Sospirò e guardò a terra, stropicciandosi gli occhi. Si appoggiò allo stipite della porta. «A volte non so che ci sto a fare qui», disse.
«Non lo sa nessuno», risposi. «Qui quasi tutti aspettano di morire e basta».
I personaggi di Offutt hanno avuto modo di avvicinarsi e accettare la vita rendendo invalicabili i confini del loro mondo. Aggiungono uno sguardo differente a quel gotico americano che scova il riscatto e la rivelazione nella contemplazione. Nei racconti di Flannery O’Connor l’epifania è violenta e solo attraverso essa è possibile arrivare alla redenzione. La ragione di una vita umile, la moralità bigotta di un uomo ossessionato dalla missione umanitaria di rieducare un ragazzo e di non prendersi cura del figlio che soffre per la scomparsa della madre (Gli storpi entreranno per primi) avrà sempre un tragico risvolto. «Non si era mai considerato un grande peccatore, prima d’allora, ma in quel momento capì che la sua depravazione gli era stata nascosta per risparmiargli lo sconforto supremo» è il pensiero del nonno protagonista de Il negro artificiale mentre l’arrivo nella grande città e il perdersi in un quartiere negro, si risolverà nella presa di coscienza dell’inadeguatezza e del risentimento verso la vita.

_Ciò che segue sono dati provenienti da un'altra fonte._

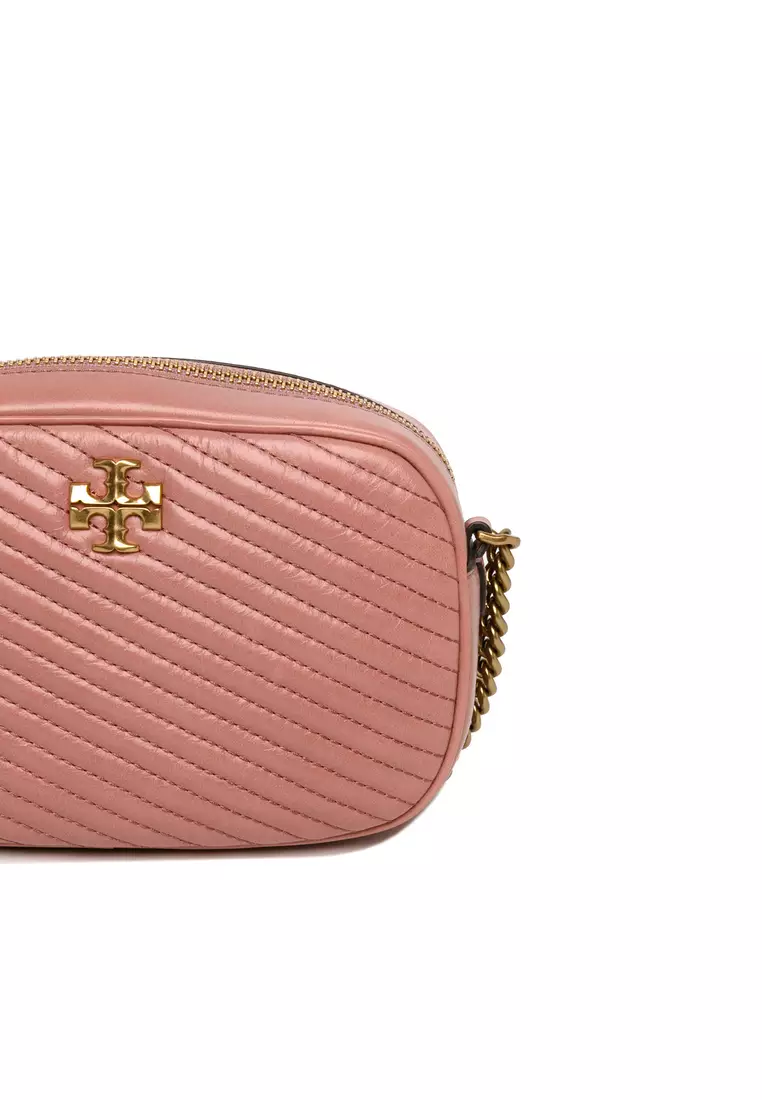Tory burch 2025 moto crossbody
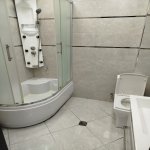 Аренда 3 комнатная Новостройка, м. Нариман Нариманов метро, Центр Гейдара Алиева, Наримановский р-н район 6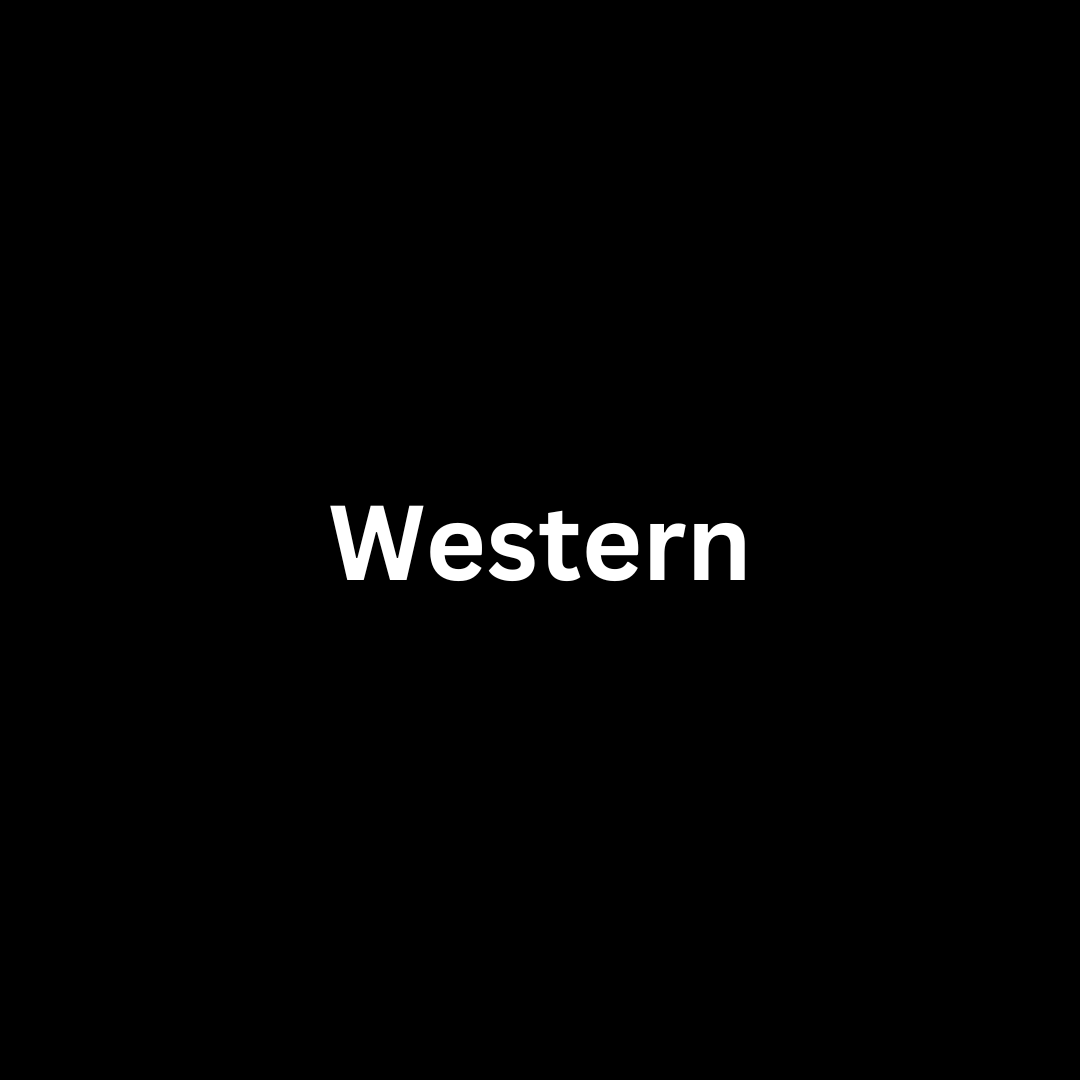 Western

Nei racconti di Offutt non c’è bisogno di nessuna brusca redenzione e la presenza del divino è accantonata in favore di un sapere appreso a proprie spese: i suoi personaggi non hanno la spinta a lasciare la terra su cui poggiano i piedi e tutto il significato di futuro si restringe all’intervallo tra un respiro e il momento dello sparo.
«Quelle colline coperte di boschi hanno fatto di me ciò che sono» affermerà Offutt in un’intervista con Luca Briasco. Il rapporto con la terra natia è così intimo da superare le contraddizioni di un isolamento deleterio, con la speranza di mantenere qualcosa di puro.
Avvicinandoci alla regione di cui Offutt scrive è interessante notare come la narrativa del sud cambi anche tra due versanti opposti delle stesse montagne. Accanto al Kentucky di Offutt staziona la Virginia Occidentale di Breece Pancake. Nei racconti di Trilobiti si avverte un ritornello continuo: giovani che sognano di andare via dalla propria terra con la consapevolezza di non riuscire ad appartenere a niente che non sia il luogo d’origine. Lo scarto tra Pancake e Offutt si avverte anche nella prosa scelta. Laddove Offutt è breve e fulmineo, Pancake indugia per scavare il fondo di personaggi sognanti in attesa di un futuro di cui vorrebbe essere protagonisti.
Mi alzo. Passerò la notte a casa. Devo chiudere gli occhi nel Michigan, forse anche in Germania o in Cina, non lo so ancora. Cammino, ma non ho paura. Sento che la mia paura si allontana in cerchi concentrici attraverso il tempo, per un milione di anni.
Cercare nei trilobiti è cercare le motivazioni per cui le origini sono più forti dell’oblio del nuovo. I personaggi di Pancake, anche se più dinamici perché bruciati dal desiderio di andare via, sono in fondo consapevoli di essere in una condizione di perenne nomadismo affettivo e geografico. La realtà stanziale di Offutt, invece, è una diretta accettazione dei limiti boschivi dove ogni tentativo di cambiamento è pagato con la violenza.
Kentucky straight è il titolo originale della raccolta e racchiude in sé non solo il carattere artigianale del whisky prodotto col granturco, ma anche il sapore puro, onesto e diretto di chi è in grado di costruire una geografia reale e mitica delle proprie origini.